Managing Implementation
While implementing the ES, care should be taken to focus on people as well as the technical aspects. The ERP System will compel the employees of Nestlé to change their work culture by forcing them to collaborate with various departments, obtain new skill sets and take on new responsibilities (Shanks, Seddon, & Willcocks 2003). E.g.: New reporting procedures & protocols


implemented by the ES. This will lead to insecurity, hesitation and fear in some employees which will reflect as ‘resistance to change’. It would be helpful to identify these changes early so that specific training can be given to employees. It is suggested by Davenport (2000) that it might be worth investing in a ‘Performance Support System’ which will give employees training as they need it. It is also noted that implementation of an ES is a never ending process. Eventualities like new versions of software and training of new employees will always happen. Due to this, Davenport suggests that a permanent team must be employed to manage the ERP System.

Managing Change
Change management is one of the most crucial tasks Nestlé should engage in if it intends to successfully implement the ERP System. It is a continuing process required throughout ERP implementation. Change management include understanding the implementation objectives, identifying potential problems E.g.: employee readiness and developing strategies to counter it (Cameron & Green 2004). Employees should be made aware that for all the technical marvel of an ERP System, post- implementation business should be customer oriented. Nestlé should understand why its employees resist change. Normally the reasons are lack of understanding of the new system, lack of motivation and finally the lack of ability. Before implementing the change management, Nestlé should check its communication strategy; perform an impact analysis & a skills analysis. According to John Kotter (1996) the main stages of initiating change management are Understanding the business pressure, Using a skilled team as a ground breaker, Create a clear vision and strategy, Communicating this vision and strategy, Strengthen ES implementation plan, Formulate short term implementation aims, and finally use those short term aims as guidance and execute a new ERP approach.

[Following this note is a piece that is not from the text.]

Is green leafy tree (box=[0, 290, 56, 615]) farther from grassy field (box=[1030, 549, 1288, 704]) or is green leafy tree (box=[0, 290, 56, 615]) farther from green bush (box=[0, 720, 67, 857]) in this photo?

Business Process Re-Engineering:
BPR approach tries to use a "clean slate" perspective and determine how a company can best reconstruct their processes to improve their business. As Nestlé is undergoing a change management process, it might be good time to apply BPR which will help to reinvigorate the company

Recommendations & Conclusion
Proper implementation of an ES will aid Nestlé to maintain & possibly increase its competitive-edge in our increasingly competitive world. But it should be understood that a failure will cost the company dear. ES is a complex system which necessitates a deep understanding and careful analysis to execute. ERP System will help the company to improve its information & knowledge management procedures and will make better use of the same. It will also guarantee that the present and future higher level information needs are taken care of. Nestlé is advised to do feasibility checks on the project. Nestlé can use a variety of implementation methodologies from which the Process Oriented Approach is recommended by the report. A successful implementation of an ERP System will depend on a complementing change management strategy. Change management is required to prepare the existing human resources and infrastructure to match ERP system requirements. It is imperative that Nestlé realise


this and initiate a clear strategy from the very beginning. This might include training, counselling and communicating about the ES. Nestlé should realise that a perfect synergy of its people and systems should be the ultimate implementing goal of such a system, which in turn will facilitate better customer service.